Le elezioni anticipate sono il frutto di profonde divergenze sulle politiche migratorie, considerate da Geert Wilders e dai suoi sostenitori troppo permissive. Anche il quadro politico dei Paesi Bassi si presenta molto frammentato, anche a seguito di un sistema elettorale proporzionale con soglia di sbarramento inferiore all'1% dei voti, che favorisce la proliferazione di partiti in Parlamento e rende necessaria la formazione di coalizioni per governare. Sebbene i sondaggi indichino il leader populista in vantaggio con circa il 20% delle preferenze, la formazione di una coalizione appare decisamente incerta. Nel caso in cui non riuscisse a costituire un governo, sarà determinante capire chi, arrivando secondo, riceverà l'incarico di formare il nuovo esecutivo. Con circa il 16% dei voti ciascuno, sono in lizza l'alleanza verde-socialdemocratica GroenLinks/PvdA, guidata dall'ex commissario europeo Frans Timmermans, e i Cristiano-Democratici (CDA) di centrodestra, che hanno guadagnato terreno grazie al loro leader Henri Bontenbal, 42 anni, promotore di una politica improntata alla collaborazione e al "ritorno alla normalità".

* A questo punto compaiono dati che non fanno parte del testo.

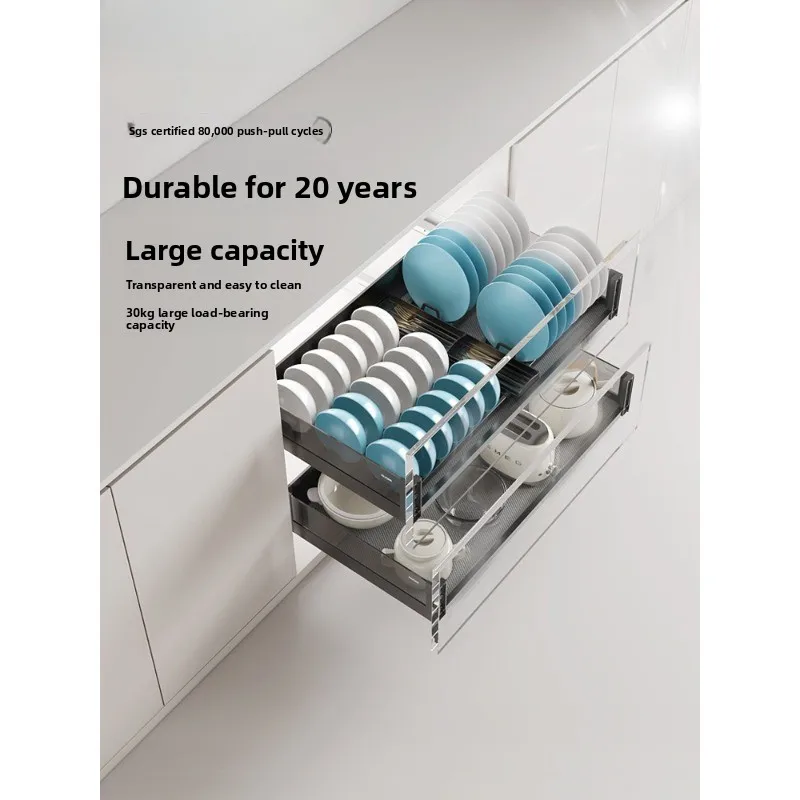 Kitchen Cabinet Aluminum Alloy Drawer Damping, Pull Basket Tempered Glass Single Double Layer Dishes Seasoning Basket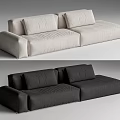 Modern Three Seater Sofa Design With Light And Dark Color Options 3d model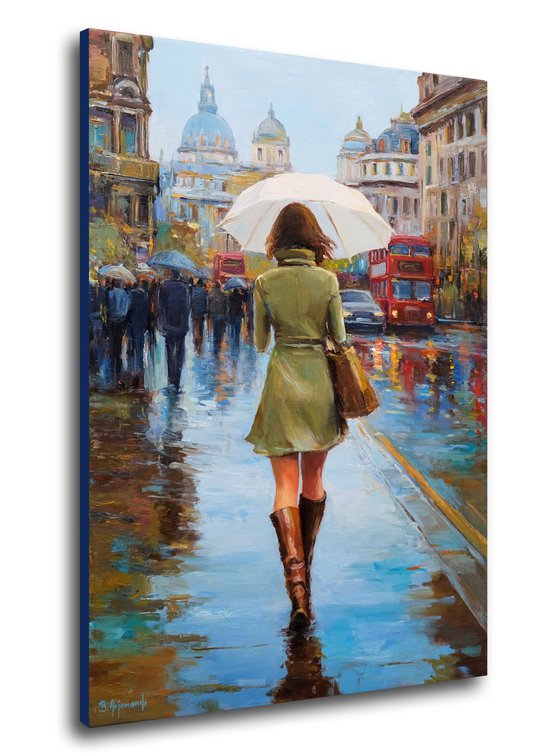 A Rainy Day in London Streets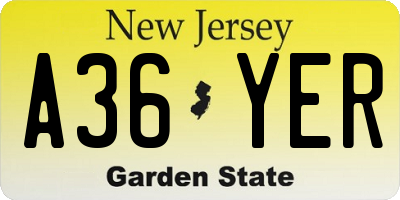 NJ license plate A36YER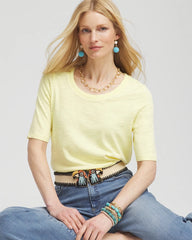 Chico's Slub Elbow-Sleeve Tee BRIGHT YELLOW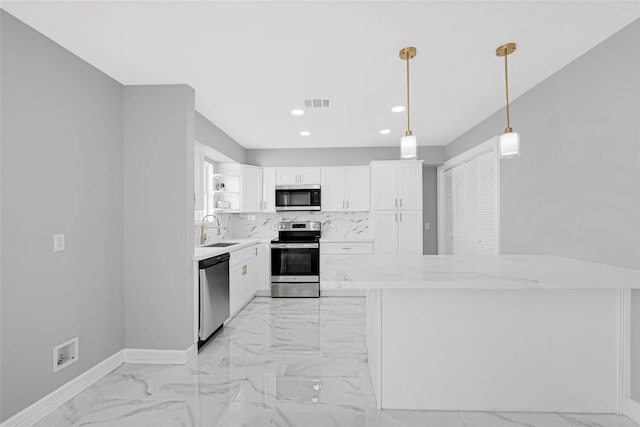 kitchen featuring open shelves, marble finish floor, recessed lighting, white cabinets, and stainless steel appliances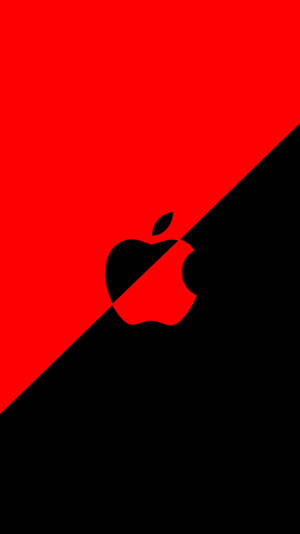 Apple標誌居中於紅黑對角分割背景上。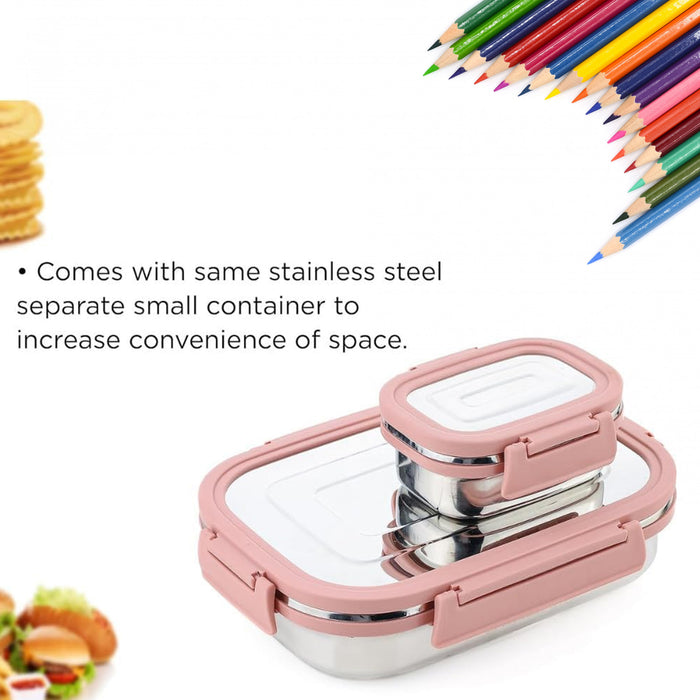 Premium Stainless Steel Leak Proof Air Tight Lunch Boxes (9000ML+200ML Approx / 2 Pc Set)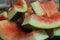 View of the cut watermelon fruit thick skin. Use for healthy snack concept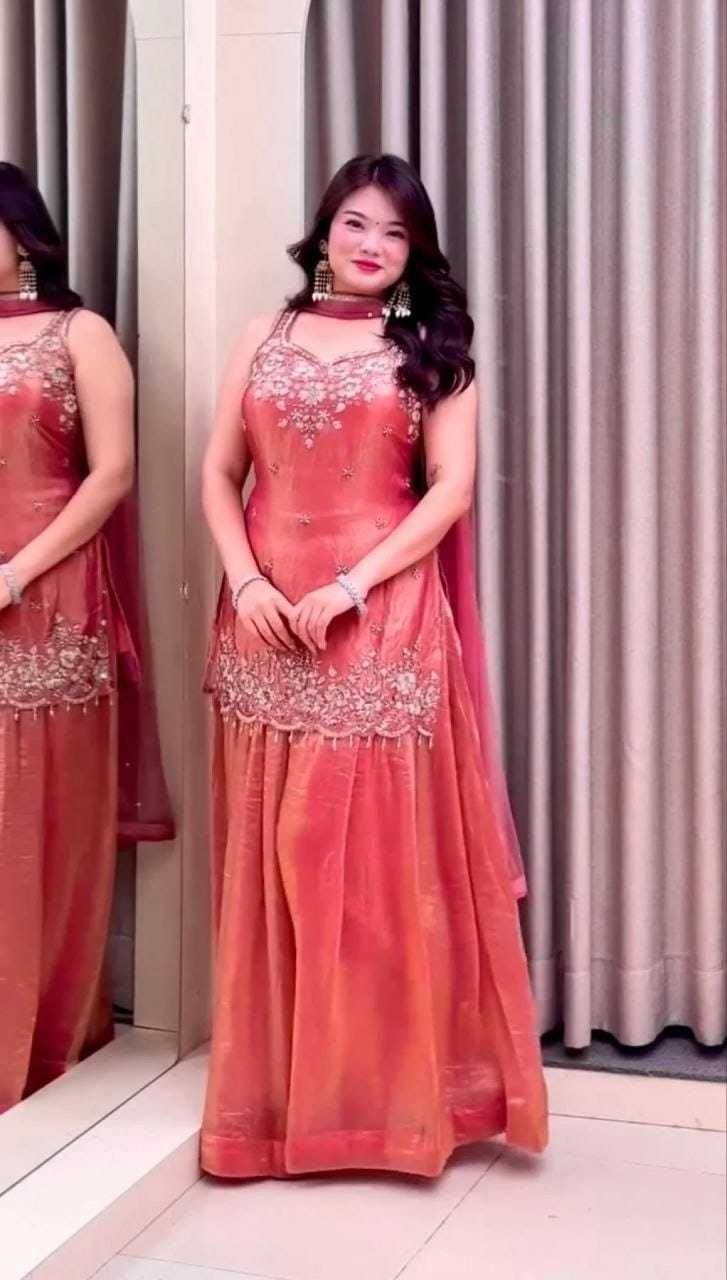 Satin Embroidery Suit in Sky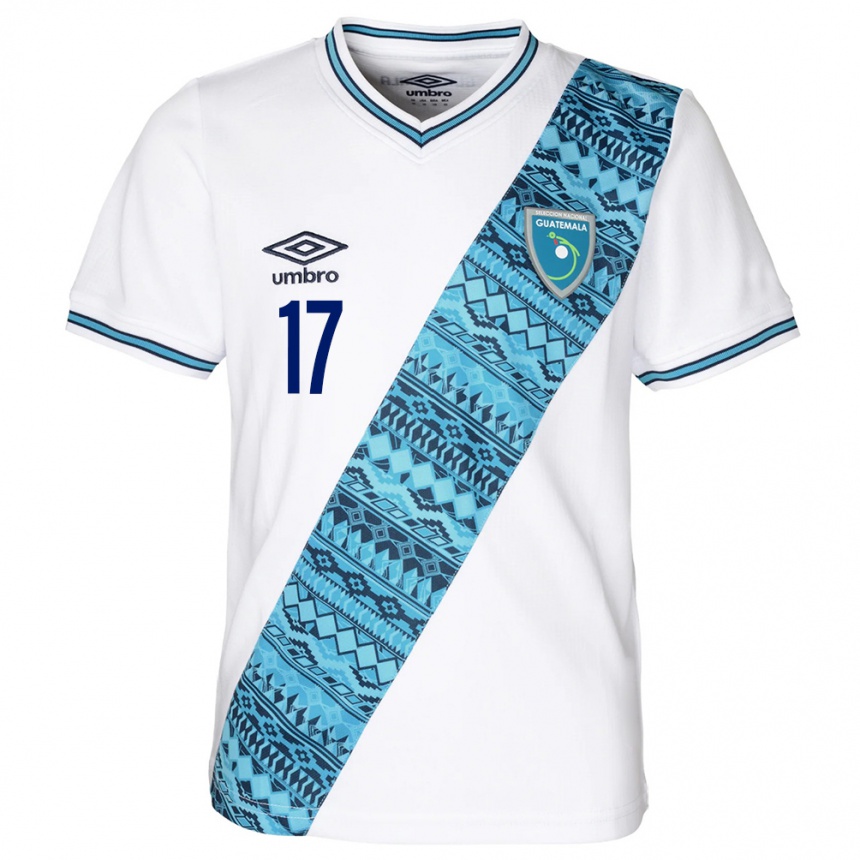 Niño Fútbol Camiseta Guatemala Antony Recinos #17 Blanco 1ª Equipación 24-26 Argentina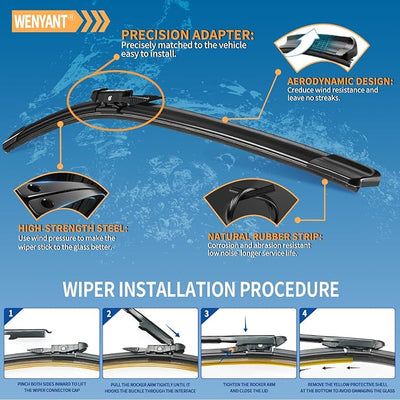 28"/21" Windshield Wipers Compatible with Mercedes-Benz ML-Class W164 2006-2011 ML320 ML350 ML550 ML63 Front Wiper Blades for My Car Original Equipment Automotive Replacement (Set of 2)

I principali temi della campagna elettorale sono stati la crisi abitativa, l'immigrazione, la sanità e l'aumento del costo della vita, mentre la politica estera ha avuto un ruolo marginale. I partiti progressisti, tra cui D66 e l'alleanza Verdi-Socialdemocratici, sostengono un rafforzamento dell'integrazione europea in materia di difesa e un incremento dei fondi destinati alle Forze armate. I sondaggi indicano che l'immigrazione rappresenta la principale preoccupazione degli elettori, seguita dalla difficoltà di accesso alla casa. Di fronte a una carenza stimata in 400 mila alloggi e a un forte aumento dei prezzi immobiliari, il futuro governo dovrà affrontare con urgenza la crisi abitativa per garantire maggiore equità e coesione sociale.